The Supreme Court’s Rules permit such a bypass procedure, in cases of “imperative public importance.”  The Court, however, does not often grant permission to actually do so.   The issue is entirely within the Justices’ discretion.  In recent years, the Court granted such immediate review in 2002 in the University of Michigan undergraduate admissions standards case (Gratz v. Bollinger, docket 02-516) and in one of the cases testing the constitutionality of the mandatory guidelines for federal criminal sentences (U.S. v. Fanfan, docket 04-105).  In  both instances, the Court took a second case to be heard along with another case that had reached the Court via the normal route.

While Cuccinelli noted that the immediate appeal route “is the exception to the general rule,”  he argued that the Virginia case and other cases pending in lower courts “are truly exceptional in their own right.”   He said that 28 states have filed suits challenging Congress’s authority to enact the law, and federal District Court judges have split 2-2 on that issue.

The judge in the state of Virginia case struck down the law’s mandate that virtually everyone have health insurance by the year 2014, and a federal judge in a case in Florida brought by 26 states on Monday struck down the entire law.  Another federal judge in Virginia and one in Michigan have upheld the insurance-purchase mandate.

Even though Virginia won its challenge in the District Court, that does not bar it from asking the Supreme Court to take on the case prior to any ruling on it by the Fourth Circuit Court. Both Virginia and the Justice Department are pursuing appeals in that Circuit Court, challenging the Dec. 13 ruling in the Virginia case by District Judge Henry E. Hudson of Richmond.

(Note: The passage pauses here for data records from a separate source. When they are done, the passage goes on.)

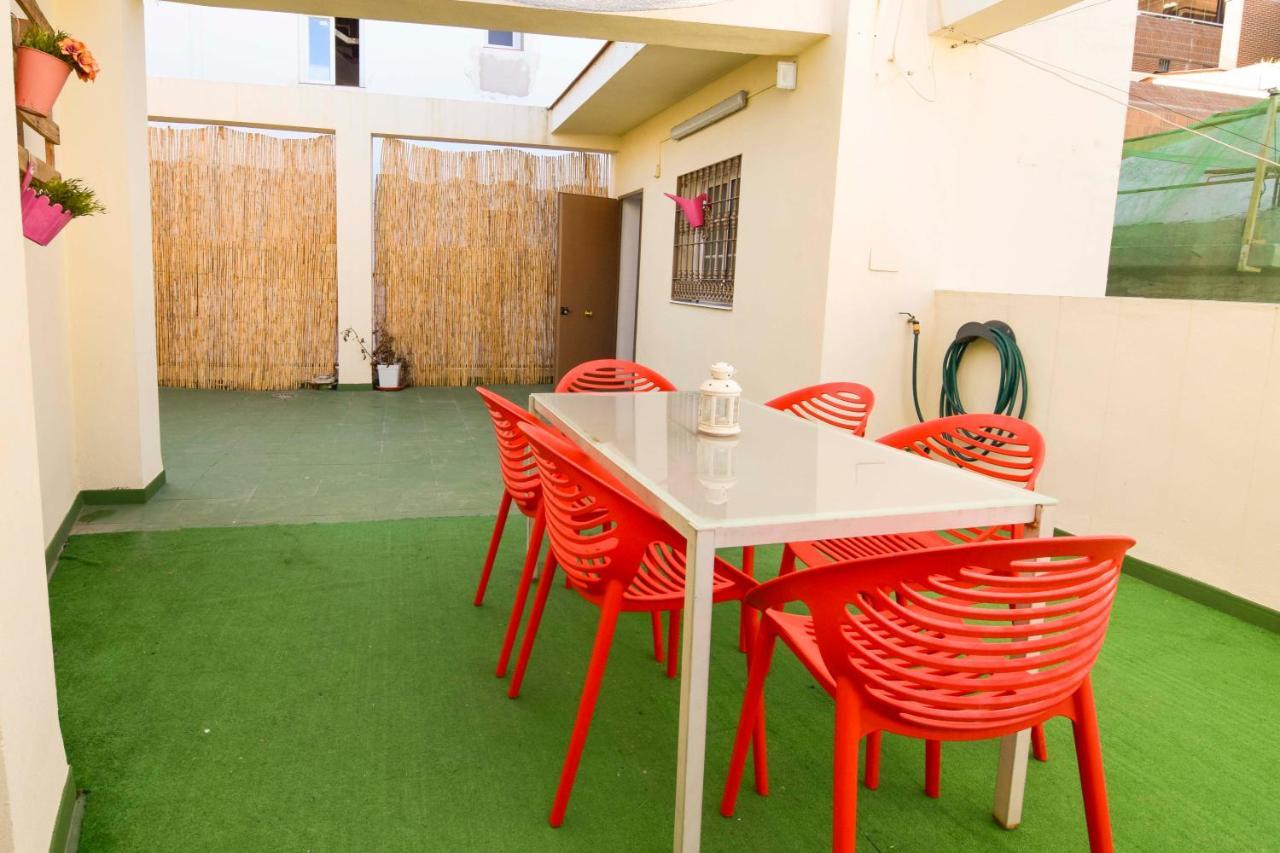 Letmalaga Banos Del Carmen One Apartment ภายนอก รูปภาพ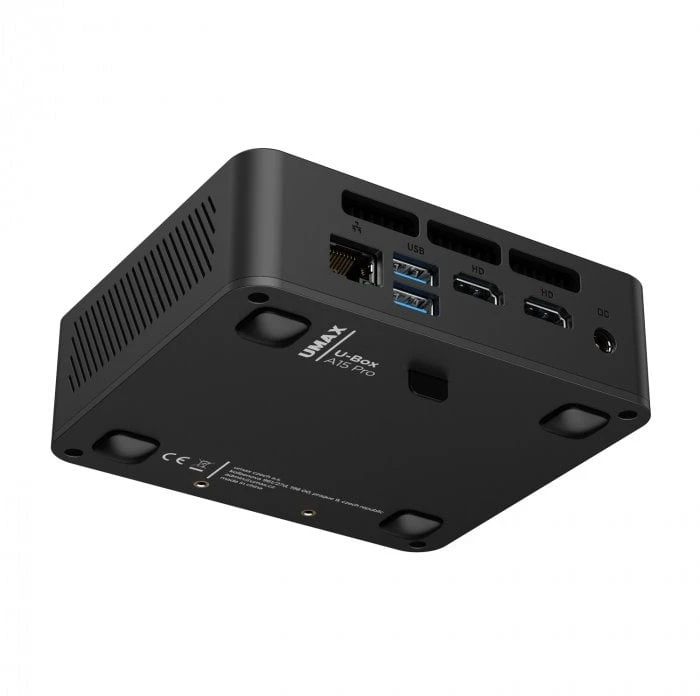 Shuttle UMAX U-Box A15 Pro 8+256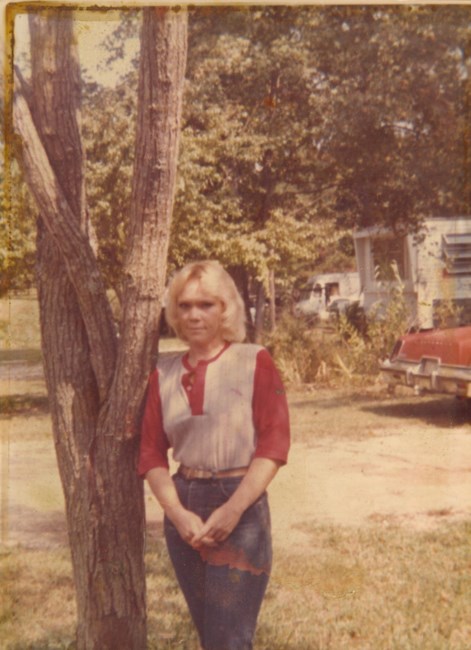 Obituary of Peggie Caudle Furline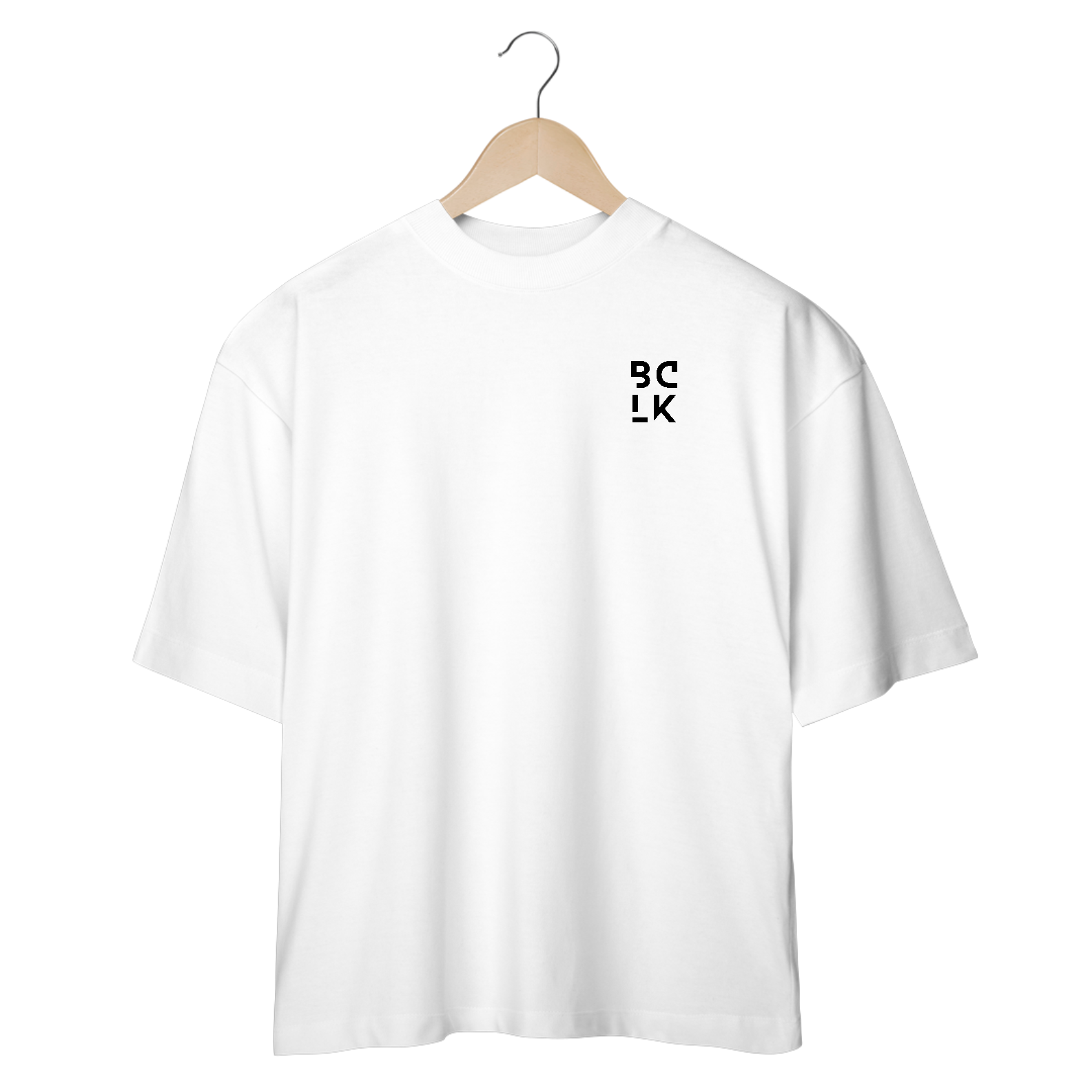 Camiseta Oversized onne black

The Circuit Court is considering those appeals on an expedited basis, but it will not hold a hearing on them until about mid-May.  In the meantime, Cuccinelli said his legal team would prepare the papers for the immediate appeal to the Supreme Court, and file them “as soon as is practicable.”

If the Justices were to grant immediate review, that would put the Fourth Circuit appeals on hold in the meantime.

It is unclear at this point whether, even if the Justices were to allow Virginia’s prompt appeal, they would rule on it during the current Term.  The Court’s argument calendar for the Term is filled, and it is now too late to hear any other cases during the the Term, unless, of course, such a case were significantly expedited.

In discussing Virginia’s plan to ask the Justices to step in now, Cuccinelli said that the state’s governor and other top state officials had asked his office to pursue that step.  The governor, he added, “is particularly concerned about the possibility of wasting precious and strained taxpayer dollars preparing for a law that may well be struck down.”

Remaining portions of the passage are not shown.